[Supplied information]

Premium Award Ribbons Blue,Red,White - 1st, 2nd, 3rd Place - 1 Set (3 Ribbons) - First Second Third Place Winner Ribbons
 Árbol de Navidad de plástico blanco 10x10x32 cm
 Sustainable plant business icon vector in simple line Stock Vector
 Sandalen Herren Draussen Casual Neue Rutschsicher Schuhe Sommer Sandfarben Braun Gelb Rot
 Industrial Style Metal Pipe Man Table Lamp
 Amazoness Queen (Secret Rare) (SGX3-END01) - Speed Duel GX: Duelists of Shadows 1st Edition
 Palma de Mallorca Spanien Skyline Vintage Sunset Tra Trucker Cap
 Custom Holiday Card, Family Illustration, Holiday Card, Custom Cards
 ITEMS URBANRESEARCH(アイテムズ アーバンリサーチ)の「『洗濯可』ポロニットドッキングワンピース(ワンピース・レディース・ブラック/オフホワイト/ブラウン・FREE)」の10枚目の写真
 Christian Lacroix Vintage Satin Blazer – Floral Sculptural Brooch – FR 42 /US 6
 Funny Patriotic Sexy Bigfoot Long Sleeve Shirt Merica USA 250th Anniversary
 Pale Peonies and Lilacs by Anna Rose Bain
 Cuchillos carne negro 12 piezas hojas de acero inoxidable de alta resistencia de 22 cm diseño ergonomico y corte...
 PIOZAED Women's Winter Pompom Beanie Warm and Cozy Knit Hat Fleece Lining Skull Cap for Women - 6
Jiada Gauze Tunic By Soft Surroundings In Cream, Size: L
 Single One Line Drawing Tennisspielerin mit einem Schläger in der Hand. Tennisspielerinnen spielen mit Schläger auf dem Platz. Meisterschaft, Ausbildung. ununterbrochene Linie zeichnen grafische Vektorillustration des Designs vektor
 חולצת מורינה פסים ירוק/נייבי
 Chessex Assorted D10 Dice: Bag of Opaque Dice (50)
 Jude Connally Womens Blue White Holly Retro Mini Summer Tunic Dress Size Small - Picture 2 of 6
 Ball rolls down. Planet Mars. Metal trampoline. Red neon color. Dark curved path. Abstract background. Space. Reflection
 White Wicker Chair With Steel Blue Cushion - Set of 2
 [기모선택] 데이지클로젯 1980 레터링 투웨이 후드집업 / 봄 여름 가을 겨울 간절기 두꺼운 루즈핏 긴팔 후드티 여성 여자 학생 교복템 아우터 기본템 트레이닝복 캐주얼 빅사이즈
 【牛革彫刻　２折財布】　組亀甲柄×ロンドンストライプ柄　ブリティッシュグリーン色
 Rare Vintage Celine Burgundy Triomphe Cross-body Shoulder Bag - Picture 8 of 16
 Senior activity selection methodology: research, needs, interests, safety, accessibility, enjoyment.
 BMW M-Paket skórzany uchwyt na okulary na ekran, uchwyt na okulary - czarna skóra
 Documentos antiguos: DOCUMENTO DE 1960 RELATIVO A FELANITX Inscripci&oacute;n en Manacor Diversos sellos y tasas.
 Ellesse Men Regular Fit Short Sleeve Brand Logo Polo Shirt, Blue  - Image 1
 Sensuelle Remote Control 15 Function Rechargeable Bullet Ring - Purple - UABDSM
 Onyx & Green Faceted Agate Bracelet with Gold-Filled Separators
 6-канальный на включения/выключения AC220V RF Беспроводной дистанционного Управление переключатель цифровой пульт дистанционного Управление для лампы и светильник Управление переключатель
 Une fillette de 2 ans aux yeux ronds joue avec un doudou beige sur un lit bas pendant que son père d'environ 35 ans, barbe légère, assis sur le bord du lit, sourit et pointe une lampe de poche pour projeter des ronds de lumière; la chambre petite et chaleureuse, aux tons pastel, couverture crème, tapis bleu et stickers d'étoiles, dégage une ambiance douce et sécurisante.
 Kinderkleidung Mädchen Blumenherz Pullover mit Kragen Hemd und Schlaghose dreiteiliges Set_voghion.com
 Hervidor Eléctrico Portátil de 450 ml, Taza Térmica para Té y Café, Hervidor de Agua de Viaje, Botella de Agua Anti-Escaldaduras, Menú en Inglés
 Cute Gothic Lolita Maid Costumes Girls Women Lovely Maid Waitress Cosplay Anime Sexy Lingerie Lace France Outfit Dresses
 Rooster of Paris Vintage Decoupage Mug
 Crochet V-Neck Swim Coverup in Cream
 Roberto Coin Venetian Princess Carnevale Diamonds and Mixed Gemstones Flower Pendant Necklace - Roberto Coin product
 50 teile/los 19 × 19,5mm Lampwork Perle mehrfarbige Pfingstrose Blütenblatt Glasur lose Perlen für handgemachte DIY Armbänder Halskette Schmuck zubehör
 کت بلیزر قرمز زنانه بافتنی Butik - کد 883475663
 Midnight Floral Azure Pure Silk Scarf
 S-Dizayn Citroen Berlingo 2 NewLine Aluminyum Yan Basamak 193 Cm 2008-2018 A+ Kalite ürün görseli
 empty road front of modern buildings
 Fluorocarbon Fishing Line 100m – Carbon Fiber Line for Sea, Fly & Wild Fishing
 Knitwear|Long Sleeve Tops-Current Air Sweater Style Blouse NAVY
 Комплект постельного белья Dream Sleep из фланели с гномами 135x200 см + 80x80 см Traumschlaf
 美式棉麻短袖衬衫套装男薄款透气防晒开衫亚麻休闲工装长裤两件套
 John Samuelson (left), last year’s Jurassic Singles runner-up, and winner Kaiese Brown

[Exercise instructions] Determine which lines above include the word "Vintage", and report those lines in full.

[Response]
 Palma de Mallorca Spanien Skyline Vintage Sunset Tra Trucker Cap
 Christian Lacroix Vintage Satin Blazer – Floral Sculptural Brooch – FR 42 /US 6
 Rare Vintage Celine Burgundy Triomphe Cross-body Shoulder Bag - Picture 8 of 16
 Rooster of Paris Vintage Decoupage Mug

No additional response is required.